Even faculty members are goaded on by him to behave rudely. If any faculty member tries to correct the Director and points out that his Idi Amin style is hurting students, he will play politics and see that competent teachers who are a threat to his survival are eased out by clever, canny moves, hoodwinking the management.

True, we have the best, air-conditioned classrooms with designer furniture. What we lack is a smiling face, a caring teacher, a teacher who recognises, nurtures and encourages the talent of students. Now, even the best student who joins this institution is made a slave by this Director who does not like anybody better than him. As he knows pretty well that he does not have the credentials to get approval from the student or faculty fraternity, his only option is to play politics, drive out talented teachers so that he would appear indispensable, and so that the management will "tolerate" him. This politics of survival has ruining this institution.

The Director will insult teachers who take the initiative to invite employers for campus interviews. According to him, a B-School should not encourage campus placements: it is the responsibility of the students to find jobs for themselves! All of us who leave this institute will definitely advise our friends to join anywhere but not here.

Many of the episodes that were narrated were simply unbelievable.

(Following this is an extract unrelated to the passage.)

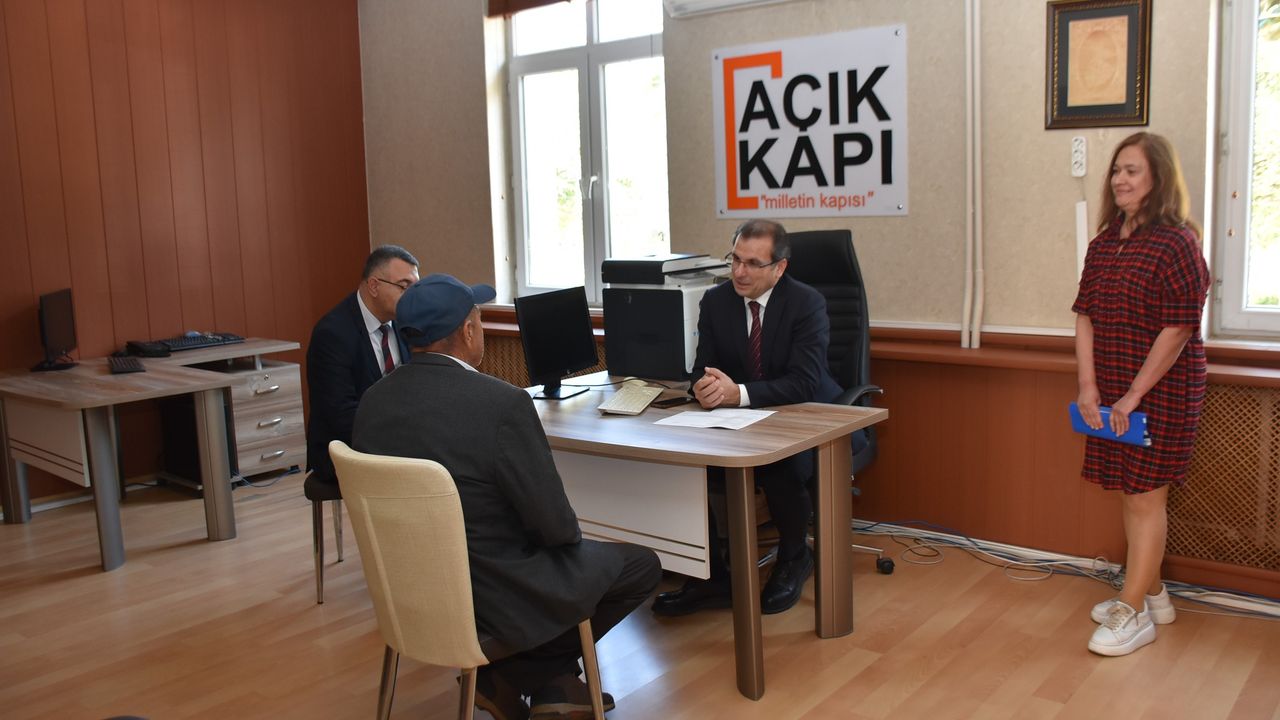 Salihli Kaymakamı Güldoğan vatandaşları dinledi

Can a human being behave in such repulsive manner? Converting the educational institution into a jail with golden chains, golden spoons, golden food?

This campus had a smiling Director earlier – he was eased out by this man through subtle moves. There was love, warmth, care and concern, making this campus agile and lively. Once this man came in as Director, it became a jail. In the place of togetherness and team culture, he spread poison of hatred, fear and suspicion. Back-stabbing was an art he had mastered.

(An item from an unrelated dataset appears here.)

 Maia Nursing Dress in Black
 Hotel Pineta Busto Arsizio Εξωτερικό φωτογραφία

His classes were repulsive, a torture, as he did not know even the rudiments of the subject he handled. There was no institutional set .up through which .students could seek their grievances. This emboldened the director who became dictator overnight as he blocked all communication channels between the students and the management. He ruled the empire with an iron hand.

The management was blissfully ignorant of the murky drama scripted and directed by the person selected by them to "lead" the institute! Any student who attempted to express grievances about the director felt the heat soon. He would get the lowest internal marks. Even if he gets high marks in the university, poor internal pulled down his marks. Students became panicky and lived in a horror atmosphere, waiting to vent out their frustrations and anguish. They did it when they were out of the campus.

It did not take much time to find out where the problem lay. The management had invested heavily in building physical infrastructure but failed to provide the right leadership. Any institution will grow only if it has an inspiring leader. Infrastructure, both physical and intellectual, are of course necessary prerequisites but it will bear no fruits if the leadership is mediocre, characterless and mean, polluting the serene ambience. Consider any institution; all failed institutions have invariably had mean leaders who ruined the institution for their survival.

When the chairman met me after a couple of weeks, he was shocked when I told him point blank that it was the management that was responsible for the decline of the institute. They were callous and did not apply due diligence before selecting a leader. All the efforts of the management to build a world-class institution were shattered in one stroke when the management made a wrong choice of the person responsible for running it.

The takeaway: It is leadership that matters! It can make or mar an institution. Great institutions are built by great leaders. Institutions collapse not owing to market forces but when the person at the helm is mediocre and has no vision, no character, no integrity and with no concern for the people around him, or her.